コロナ禍で外出機会が減る中、交流を深める取り組みは、今出川キャンパスで先行実施し、同じく上京区にある中立・待賢学区の高齢者と学生の「エール交換」は6月に開始。同区と民生委ら協力のもと60~80代11人が学生とレターやノートをやり取りし、好評を得た。
京田辺でも同支援室が準備を進め、交通の便がよくノートの受け渡しにふさわしい場を求めるスタッフの呼び掛けに市社協が応じた。事務局を置く市立社会福祉センター=興戸犬伏=1階にある登録団体などに割り振ったレターボックスの空きを人数分借り受けることができた。

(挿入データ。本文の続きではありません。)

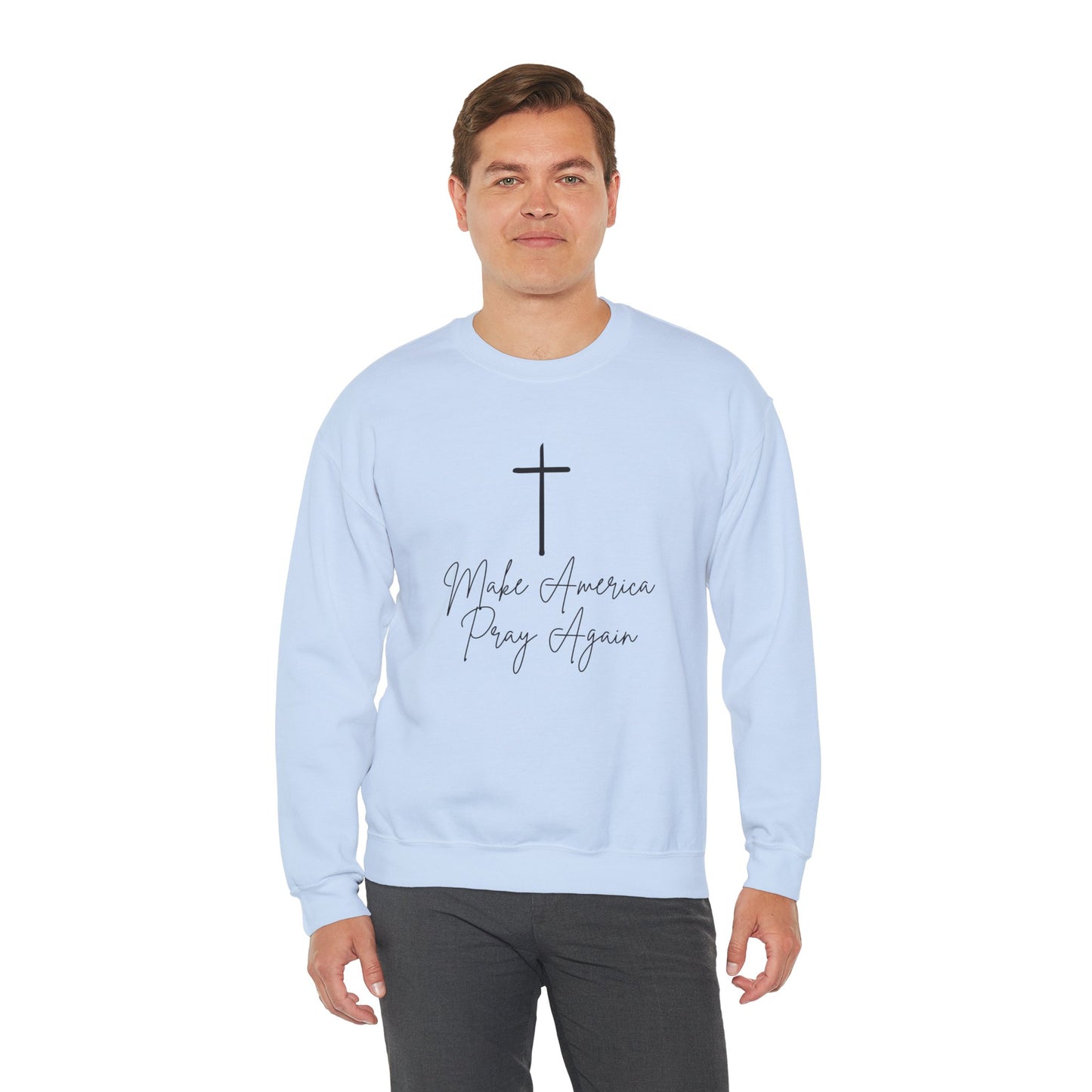Make America Pray Again Crewneck Sweatshirt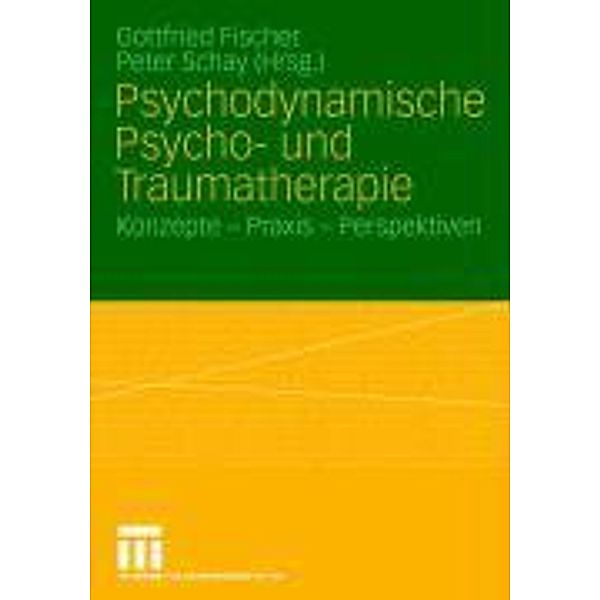 Psychodynamische Psycho- und Traumatherapie, Gottfried Fischer, Peter Schay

自粛期間中、人と人のつながりを絶やさないよう―と始まった「エール交歓」には京田辺市内在住6組7人の児童が参加。毎週月曜に大学生が書き上げたノートがレターボックスまで届けられ、取り出した児童がその次を書いて次週月曜にボックスまで届け、大学側がピックアップする流れ。週替わりで、身の回りに起きたことや頭をよぎったことなどを自由に綴り、日に日に心の距離を縮める。要望する声を受け、夏休みでやめず年明けまで続けている。

■心の成長促す交換ノート

普賢寺小学校5年生の𠮷髙和音くんは「やってよかった。これがきっかけで人と交流するのが楽しくなってきた。学校でもたくさん文を書けるようになった」、同5年の德廣俊介くんは「(自分も学生もプレーする)ハンドボールやカードゲームの話、学生がバイトの経験で得たことを教えてもらった」、弟の壮真くん(同3年)は「ゴミ出しと洗濯物を干し、畳むなどのおうちの手伝い、サッカーの話などをしている」と声を弾ませる。德廣兄弟の母・直子さんも「学生から届いたノートをむさぼるように読んでいる。内面がつながるツールだと思う。親子の学びにもなる」と好感を抱く。

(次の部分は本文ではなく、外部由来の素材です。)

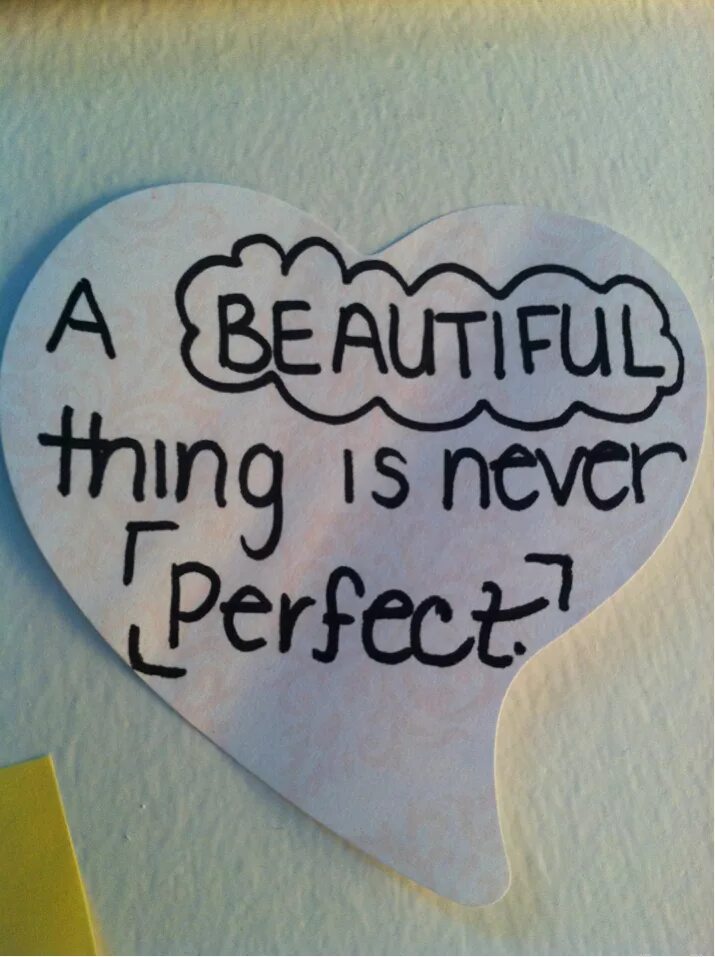 Beautiful quotes. Beautiful things. Perfect things картинки. Картинки do beautiful things.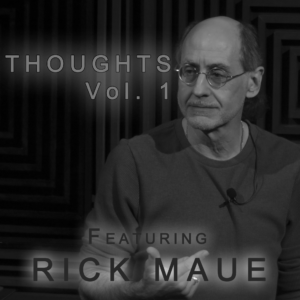 Rick Maue – Thoughts Vol 1 Access Instantly!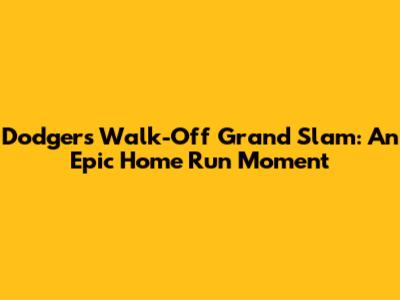 Dodgers Walk-Off Grand Slam: An Epic Home Run Moment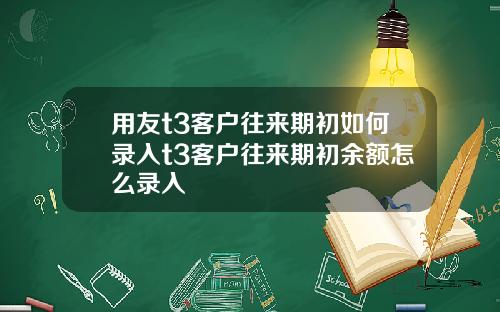 用友t3客户往来期初如何录入t3客户往来期初余额怎么录入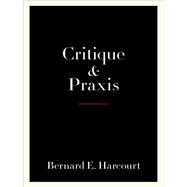 Critique and Praxis by Harcourt, Bernard E., 9780231195720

一方の学生は、院生1人をはじめ2~4年生の合計8人が参加。いずれもペンネームを使い、自己紹介から始まったエール交換を楽しんでいる様子という。市社協の笹山典孝主事は「遅い時間でも受け取りできる」と継続して取り組みをサポート。昨春の一斉休校時から企画を考えたという同支援室ボランティアコーディネーターの竹村光世さんは「地元児童と大学生の接点を増やしたかった。初めて社協と連携できたのもよかった。つながりを続けていきたい」と強調する。
先月末で一旦終了するも、今後の継続を予定。感染症の状況を見てリアルな対面と交流会も検討している。